In Everett v. City of Council Bluffs, 46 Iowa, 66, it was held that shade trees in a street are not a public nuisance. (The court remark: "That an obstruction, whether it be a tree or something else, in a highway or street, is or may be a nuisance, there is no doubt the statute so declares. But it must amount to an obstruction to the travelling public.") To same effect, Clark v. Dasso, 34 Mich. 86.

TAXATION DUE PROCESS OF LAW.

UNITED STATES SUPREME COURT, NOVEMBER 7, 1881.

KELLY V. CITY OF PITTSBURGH.

In this country and in England, the necessities of government, the nature of the duties to be performed, and custom and usage, have established a procedure in regard to the levy and collection of taxes which differs from proceedings in courts of justice, but which is still due process of law, within the meaning of the Constitution.

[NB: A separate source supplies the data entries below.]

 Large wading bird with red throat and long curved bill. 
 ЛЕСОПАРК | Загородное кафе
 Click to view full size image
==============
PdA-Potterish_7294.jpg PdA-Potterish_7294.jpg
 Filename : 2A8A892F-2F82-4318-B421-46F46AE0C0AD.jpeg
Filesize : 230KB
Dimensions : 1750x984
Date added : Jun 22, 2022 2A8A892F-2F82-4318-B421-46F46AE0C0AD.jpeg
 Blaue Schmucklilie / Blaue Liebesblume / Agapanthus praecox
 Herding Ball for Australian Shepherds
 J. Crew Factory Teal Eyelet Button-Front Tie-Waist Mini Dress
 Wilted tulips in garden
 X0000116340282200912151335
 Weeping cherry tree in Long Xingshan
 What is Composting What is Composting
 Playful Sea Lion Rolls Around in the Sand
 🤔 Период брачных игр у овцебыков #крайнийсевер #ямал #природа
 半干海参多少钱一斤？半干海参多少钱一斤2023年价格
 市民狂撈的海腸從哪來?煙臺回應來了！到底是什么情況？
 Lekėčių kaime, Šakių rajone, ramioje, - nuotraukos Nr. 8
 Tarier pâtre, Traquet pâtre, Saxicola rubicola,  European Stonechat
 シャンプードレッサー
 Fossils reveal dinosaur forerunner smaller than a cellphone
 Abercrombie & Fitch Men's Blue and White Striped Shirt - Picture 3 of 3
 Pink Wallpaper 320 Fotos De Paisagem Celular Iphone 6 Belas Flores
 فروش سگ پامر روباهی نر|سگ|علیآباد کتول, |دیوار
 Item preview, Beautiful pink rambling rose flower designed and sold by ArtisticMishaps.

What parts of a State shall, for local purposes, be governed by a county, a town, or a city government, and the charter of the land included in each, are matters of detail within the legislative discretion.

When the taxes levied by a city are clearly for a proper public purpose, and are authorized by the State law, though some of the property assessed be farm land within the city, this court cannot say that such a statute deprives the owner of his property without due process of law.

IN

N error to the Supreme Court of the State of Pennsylvania. The opinion states the case. MILLER, J. This case is brought before us by a writ of error to the Supreme Court of Pennsylvania.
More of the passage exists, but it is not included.